One of the most common is on the Tampa Bay Seawater Desalinisation Plant.
There are several "unfounded" rumors circulating as well as a couple of
real concerns.

Tampa Bay Water,
says it would likely stop operations if the spill became a real threat.
Our plan of attack would be to shut down our valves that pull in raw water
from the power plant
,”
says Chuck Cardon, director of operations and facilities.
He says a shutdown would not impact Tampa’s water supply,
as the city has enough sources of ground and surface water to make up for a
temporary
loss.

There are nineteen thermoelectric power plants on the coasts of Florida,
Mississippi,and Texas that suck in a total of 51 billion liters of seawater per day,
according to a 2005 survey by the U.S. Energy Information Administration.

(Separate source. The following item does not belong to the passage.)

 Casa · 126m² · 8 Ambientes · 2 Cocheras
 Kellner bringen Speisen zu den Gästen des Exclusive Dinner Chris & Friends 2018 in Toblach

The water piped into these plants are directed through thousands of metal tubes
inside a condenser, where it cools and condenses steam from the plant’s turbines.
The condensed steam gets pumped back to the boiler to drive the turbine,
and the heated saltwater flows back into the sea.

Energy companies operating the plants worry that if a slick spreads to their
intake canals, oil could get into the cooling machinery and potentially shut down the plant.
However, they say they have taken enough precautions so that oil contamination
likely won’t be an issue.

Larger tar ball such as this one ton monster are becoming a real concern however.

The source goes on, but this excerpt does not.